13.03.19 | Luís Garcia

 

Andre Vltchek Política Sociedade   

 

Será que compensa ser "bom"? Será ainda possível jogar de acordo com as regras neste mundo de loucos governado por bandidos?

 

E se as regras forem definidas e ratificadas por todos os países do mundo mas, um pequeno grupo composto pelas nações mais fortes (militarmente), as ignorarem por completo, enquanto empregam propagandistas profissionais para as reinterpretar das formas mais absurdas? 

 

Ao descrever este mundo, sinto com frequência estar de volta à minha escola primária. 

 

Quando era criança, tive a infelicidade de crescer numa racista Checoslováquia. Tendo nascido na União Soviética e tendo uma mãe metade russa metade asiática, era agredido com violência nos intervalos das aulas, logo a partir dos sete anos.

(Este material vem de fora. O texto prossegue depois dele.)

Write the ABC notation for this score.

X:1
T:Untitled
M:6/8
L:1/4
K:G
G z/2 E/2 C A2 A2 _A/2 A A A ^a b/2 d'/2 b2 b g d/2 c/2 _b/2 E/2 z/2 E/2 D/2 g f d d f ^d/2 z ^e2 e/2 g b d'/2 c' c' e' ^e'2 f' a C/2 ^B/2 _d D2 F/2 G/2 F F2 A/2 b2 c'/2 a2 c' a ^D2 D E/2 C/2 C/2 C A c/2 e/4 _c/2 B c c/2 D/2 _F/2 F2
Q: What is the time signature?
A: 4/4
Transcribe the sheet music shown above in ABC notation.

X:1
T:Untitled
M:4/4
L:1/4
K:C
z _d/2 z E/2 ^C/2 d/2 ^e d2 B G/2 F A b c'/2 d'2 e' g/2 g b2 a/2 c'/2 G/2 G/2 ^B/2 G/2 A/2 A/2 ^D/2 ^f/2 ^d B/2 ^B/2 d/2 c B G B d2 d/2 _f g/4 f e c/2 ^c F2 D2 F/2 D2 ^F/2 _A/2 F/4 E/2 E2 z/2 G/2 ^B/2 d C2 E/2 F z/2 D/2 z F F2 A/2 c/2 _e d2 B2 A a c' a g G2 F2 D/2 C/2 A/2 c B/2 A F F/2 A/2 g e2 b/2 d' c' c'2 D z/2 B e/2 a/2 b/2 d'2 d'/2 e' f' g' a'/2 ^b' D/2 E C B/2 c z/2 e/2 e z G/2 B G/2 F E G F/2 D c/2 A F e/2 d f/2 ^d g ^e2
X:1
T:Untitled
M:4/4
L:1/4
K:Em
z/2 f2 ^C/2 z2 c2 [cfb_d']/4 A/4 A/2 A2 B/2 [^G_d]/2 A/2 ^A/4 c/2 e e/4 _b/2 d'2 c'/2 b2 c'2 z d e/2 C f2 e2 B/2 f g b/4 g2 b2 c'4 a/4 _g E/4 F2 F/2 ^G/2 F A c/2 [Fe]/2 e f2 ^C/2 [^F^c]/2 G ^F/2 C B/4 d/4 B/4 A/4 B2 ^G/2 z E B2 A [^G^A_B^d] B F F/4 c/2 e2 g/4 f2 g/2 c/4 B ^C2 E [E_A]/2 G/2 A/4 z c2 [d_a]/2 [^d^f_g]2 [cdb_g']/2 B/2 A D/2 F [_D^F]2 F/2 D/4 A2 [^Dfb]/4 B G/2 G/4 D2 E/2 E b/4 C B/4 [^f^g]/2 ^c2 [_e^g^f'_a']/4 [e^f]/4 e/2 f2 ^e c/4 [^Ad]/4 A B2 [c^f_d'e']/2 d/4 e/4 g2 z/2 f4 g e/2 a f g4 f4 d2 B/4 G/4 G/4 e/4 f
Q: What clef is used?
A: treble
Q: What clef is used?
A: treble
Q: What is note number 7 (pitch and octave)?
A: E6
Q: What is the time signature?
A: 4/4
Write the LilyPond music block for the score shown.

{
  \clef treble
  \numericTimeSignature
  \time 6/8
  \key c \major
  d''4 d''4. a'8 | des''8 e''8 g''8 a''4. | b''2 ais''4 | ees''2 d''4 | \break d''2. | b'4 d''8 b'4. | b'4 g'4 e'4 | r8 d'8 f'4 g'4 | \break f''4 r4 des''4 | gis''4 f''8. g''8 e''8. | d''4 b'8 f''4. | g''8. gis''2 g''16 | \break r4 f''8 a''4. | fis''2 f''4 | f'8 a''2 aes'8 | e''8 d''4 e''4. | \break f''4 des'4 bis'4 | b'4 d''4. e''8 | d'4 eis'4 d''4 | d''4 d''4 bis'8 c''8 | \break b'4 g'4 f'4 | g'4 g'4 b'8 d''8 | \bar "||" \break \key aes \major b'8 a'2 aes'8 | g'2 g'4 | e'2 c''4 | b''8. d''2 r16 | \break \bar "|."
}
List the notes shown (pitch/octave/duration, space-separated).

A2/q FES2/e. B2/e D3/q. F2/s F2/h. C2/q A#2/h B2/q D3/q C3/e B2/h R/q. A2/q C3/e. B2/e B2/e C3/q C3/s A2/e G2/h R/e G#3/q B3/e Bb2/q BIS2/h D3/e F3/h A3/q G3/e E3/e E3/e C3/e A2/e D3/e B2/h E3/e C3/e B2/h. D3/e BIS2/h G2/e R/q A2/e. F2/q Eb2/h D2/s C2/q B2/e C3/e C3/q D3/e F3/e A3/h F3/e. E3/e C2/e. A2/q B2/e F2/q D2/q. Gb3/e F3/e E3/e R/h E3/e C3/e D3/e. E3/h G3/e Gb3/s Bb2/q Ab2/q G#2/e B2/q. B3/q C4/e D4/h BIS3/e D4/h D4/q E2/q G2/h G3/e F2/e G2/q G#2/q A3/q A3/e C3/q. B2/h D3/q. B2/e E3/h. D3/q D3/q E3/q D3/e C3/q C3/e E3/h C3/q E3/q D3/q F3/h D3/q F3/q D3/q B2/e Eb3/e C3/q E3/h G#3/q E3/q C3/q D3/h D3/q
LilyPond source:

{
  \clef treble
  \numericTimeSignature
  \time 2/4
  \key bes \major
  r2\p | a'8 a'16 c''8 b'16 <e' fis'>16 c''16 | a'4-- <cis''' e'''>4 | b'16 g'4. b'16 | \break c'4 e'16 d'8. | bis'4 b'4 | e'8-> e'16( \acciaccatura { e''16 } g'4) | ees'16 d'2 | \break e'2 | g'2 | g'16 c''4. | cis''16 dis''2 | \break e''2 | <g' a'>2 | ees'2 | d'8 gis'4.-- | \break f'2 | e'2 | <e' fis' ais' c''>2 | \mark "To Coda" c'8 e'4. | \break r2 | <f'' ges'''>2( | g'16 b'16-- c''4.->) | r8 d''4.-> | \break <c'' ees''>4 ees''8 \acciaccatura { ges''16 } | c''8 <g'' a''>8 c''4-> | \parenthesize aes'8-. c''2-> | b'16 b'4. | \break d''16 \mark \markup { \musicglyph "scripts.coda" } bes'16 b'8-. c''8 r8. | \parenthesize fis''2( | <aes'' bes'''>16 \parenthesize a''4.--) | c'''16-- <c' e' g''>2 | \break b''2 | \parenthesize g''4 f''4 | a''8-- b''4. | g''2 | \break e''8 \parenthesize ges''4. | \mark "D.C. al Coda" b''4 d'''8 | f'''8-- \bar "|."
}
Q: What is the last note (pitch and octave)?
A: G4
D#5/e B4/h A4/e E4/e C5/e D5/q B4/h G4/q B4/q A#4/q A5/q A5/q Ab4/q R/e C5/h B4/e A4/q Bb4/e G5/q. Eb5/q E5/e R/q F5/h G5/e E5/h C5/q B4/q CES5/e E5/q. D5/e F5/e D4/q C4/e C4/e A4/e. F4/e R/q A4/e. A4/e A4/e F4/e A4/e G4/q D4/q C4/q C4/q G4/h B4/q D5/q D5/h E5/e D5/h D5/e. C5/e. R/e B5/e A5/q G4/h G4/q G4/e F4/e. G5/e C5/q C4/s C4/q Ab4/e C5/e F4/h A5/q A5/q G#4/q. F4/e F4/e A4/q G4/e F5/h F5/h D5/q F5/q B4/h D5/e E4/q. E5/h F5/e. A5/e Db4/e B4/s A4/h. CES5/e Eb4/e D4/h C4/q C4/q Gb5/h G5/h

Era sistematicamente atacado e humilhado por um bando de rapazes, por eu ter "orelhas asiáticas", por ter uma "mãe asiática" e por ser russo. No inverno, metiam os meus sapatos ao frio e mijavam neles. A urina transformava-se em gelo. A única consolação era que, "pelo menos", eu era russo e chinês. Se eu fosse um menino cigano (rom), provavelmente não teria sobrevivido sem perder pelo menos um olho ou ficar com as mãos partidas. 

 

Eu tentei ser educado. Eu fiz o melhor que pude para "seguir as regras". Até ripostei, mas sem entusiasmo.

 

Isto até que um dia, quando um miúdo que vivia na casa ao lado, disparou a sua pistola de ar e quase me acertou num olho. Assim, do nada, só porque eu era russo... e asiático, só porque ele não tinha nada de melhor para fazer naquele momento. E porque se sentia muito orgulhoso de ser checo e europeu. E também porque me recusei a engolir as merdas deles, a aceitar a sua "superioridade" e a humilhar-me à frente deles. Quer eu quer a minha mãe sentiamo-nos infelizes na Checoslováquia  e ambos sonhávamos com Leninegrado. Só que ela cometeu um erro pessoal e nós ficámos retidos numa sociedade hostil, provincial e pretensiosa que queria "regressar à Europa" e, uma vez mais, fazer parte do bloco de países que governa e oprime o mundo há séculos.

 

A pistola de ar e quase perder um olho acabaram por ser a última gota. Juntei-me ao meu amigo Karel, cuja única "culpa" era a de, aos 10 anos, pesar quase 100 kg. Não era culpa dele, era um problema genético, mas os miúdos também o ridicularizavam, acabando por o transformar num saco de pancada. Ele era um rapaz gentil e bondoso que adorava música e romances de ficção científica. Éramos amigos. Costumávamos planear juntos as nossas viagens espaciais em direcção às galáxias distantes. Mas, nessa altura, dissemos "basta"! Por fim ripostámos, de uma forma terrível. Depois de dois ou três anos de sofrimento, começámos a lutar contra o bando com a mesma força e brutalidade que eles nos vinham infligindo e, na verdade, a todos aqueles que eram "diferentes" ou pelo menos fracos e indefesos.

 

E ganhámos. Não pela razão, mas pela coragem e pela força. Quem me dera não termos de lutar, mas não tínhamos alternativa. Mais cedo do que tarde descobrimos como éramos fortes. E, depois de termos começado, a única maneira de sobreviver era ganhar a batalha. E ganhámos. Os miúdos que nos atormentavam eram uns cobardes. Assim que ganhámos e garantimos algum respeito, começámos também a dar abrigo e proteger os "outros", principalmente os meninos e meninas mais fracos da nossa escola, que também sofriam ataques do bando de "normais" brancos e tradicionalmente checos.

*

Eles são os auto-proclamados governantes do mundo: Europa, América do Norte, Austrália, Nova Zelândia e Israel. E há dois outros grupos: o das nações que estão cooperando plenamente com o Ocidente (como a Indonésia, a Tailândia, o Japão, a Arábia Saudita, a Jordânia, a Coreia do Sul, a Colômbia ou o Uganda) e o daquelas que decisivamente estão recusando aceitar os ditames ocidentais, como a Rússia, a China, a Coreia do Norte, a Síria, a Eritreia, o Irão, a África do Sul, a Venezuela, Cuba e a Bolívia.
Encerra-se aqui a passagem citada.